It all started when Ony Pool was a young girl growing up in Skamokowa, Wash. She was the only female in her family, with five brothers and her father. They played pirates on the beach and used her oldest brother's sailboat as their pirate ship. To be included, she was charged with the task of fetching her brothers drinks from the galley.

"I was the galley wench," Pool said. "You know, it was really fun -- not many little girls get to play pirates on the beach."

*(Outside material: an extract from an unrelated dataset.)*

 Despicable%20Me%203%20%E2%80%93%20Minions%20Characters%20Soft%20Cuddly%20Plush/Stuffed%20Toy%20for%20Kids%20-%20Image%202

To Pool, being the galley wench is not just a playful name, it's her identity. She's hosted the "Galley Wench's cooking show" for the last six years, and has catered events and taught cooking classes dressed in a bodice, a female article of clothing commonly seen in the Pirates of the Caribbean movies, and a skirt. This summer she created a mobile food service of the same name -- The Galley Wench -- and has traveled the central Peninsula area feeding residents with her Alaska-inspired creations.

"I haven't seen another chef yet that cooks in bodices and skirts, especially in Alaska," Pool said. "I bring a surprise because I'm not billing myself as a chef -- I'm billing myself as a galley wench."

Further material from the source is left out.